**Dataset content**
○ ○ ○

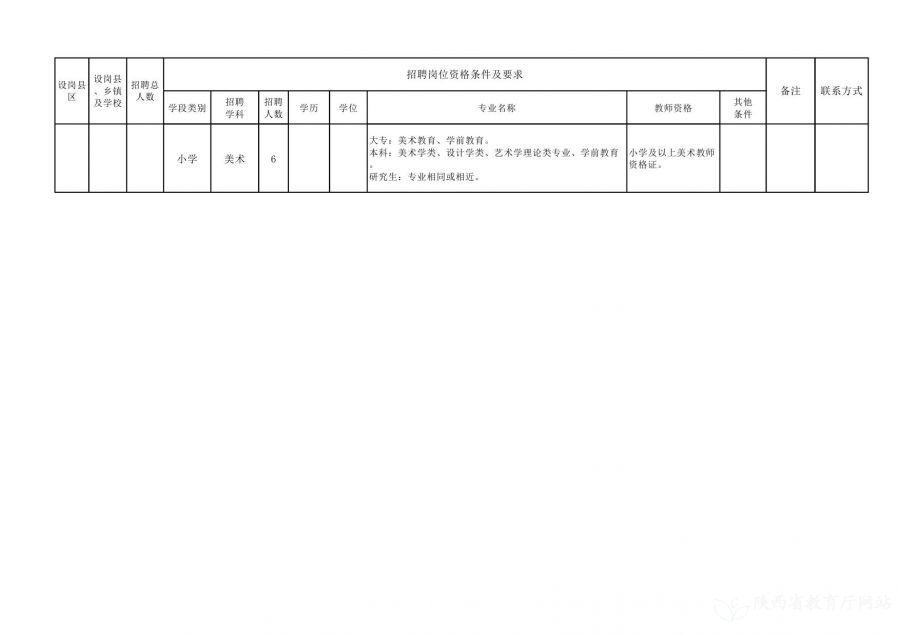 阳西县特殊教育事业单位最新招聘信息解读公告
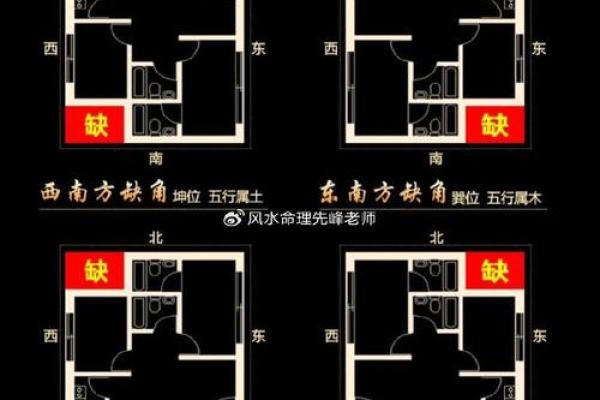 房子格局和风水关系好吗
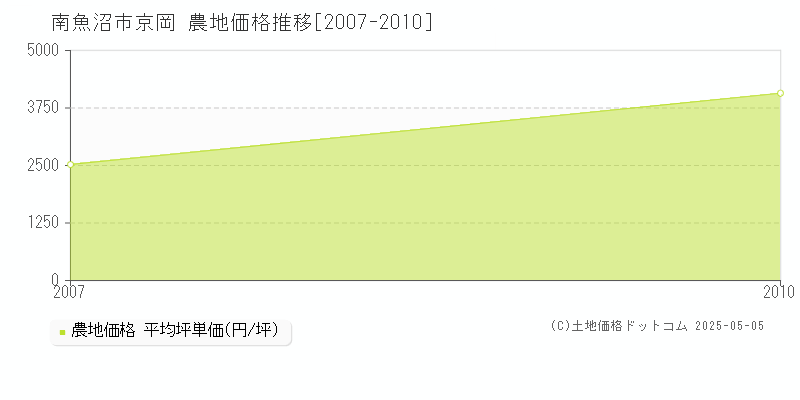 京岡(南魚沼市)の農地価格推移グラフ(坪単価)[2007-2010年]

○ ○ ○

**Task directions**
None of the pictures belong in the copy; repeat all other material exactly.

**Finished exercise**
 阳西县特殊教育事业单位最新招聘信息解读公告
 房子格局和风水关系好吗
 京岡(南魚沼市)の農地価格推移グラフ(坪単価)[2007-2010年]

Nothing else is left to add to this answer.